The error occurs at the last line of code when trying to generate the NodeList. Has anyone had issues like this with the new version of JTidy?

A: 

Since the error happens in com.sun.org.apache, I don't think it's an JTidy issue.

Try to strip down your example so you can file a bug report against the XalanJ project.

Aaron Digulla
+3  A: 

Had a similar problem. Found a rather silly workaround (to re-parse the jtidy output) that suggests a problem with jTidy.

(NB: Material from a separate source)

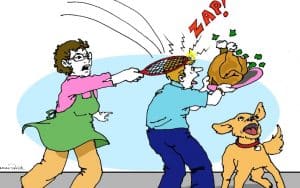 Cartoon of a woman using an electric flyswatter but hitting a person holding a turkey, while the dog looks on eagerly, waiting for the turkey to drop. Electric flyswatters are all the buzz for gift-giving. Writer Nick Thomas provides a tongue-in-cheek look at the gizmos, with firsthand experience to support his recommendations. Image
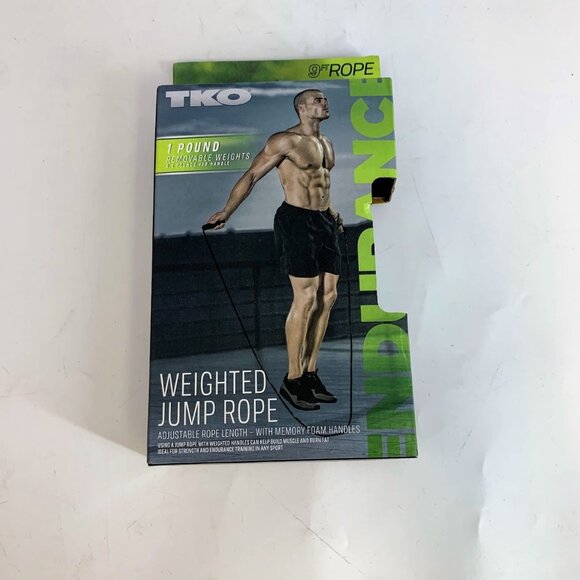 TKO Adults 1 Pound Removable Weight 9‎ Ft Athletic Jump Rope NIB - Picture 1 of 6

document = tidy.parseDOM(rstream, null); 

DocumentBuilderFactory dbf = DocumentBuilderFactory.newInstance();
DocumentBuilder db = dbf.newDocumentBuilder();
ByteArrayOutputStream outputStream = new ByteArrayOutputStream();
Source xmlSource = new DOMSource(document);
Result outputTarget = new StreamResult(outputStream);
TransformerFactory.newInstance().newTransformer().transform(xmlSource, outputTarget);
InputStream is = new ByteArrayInputStream(outputStream.toByteArray());

Document doc = db.parse(is);

It took me hours; hope this helpes.

myFriendJoe
DANG. This just bit me too. Thanks for the hard work myFriendJoe!
Electrons_Ahoy
A: 

@myFriendJoe: Thank you! I had the same problem and it works now.

SEI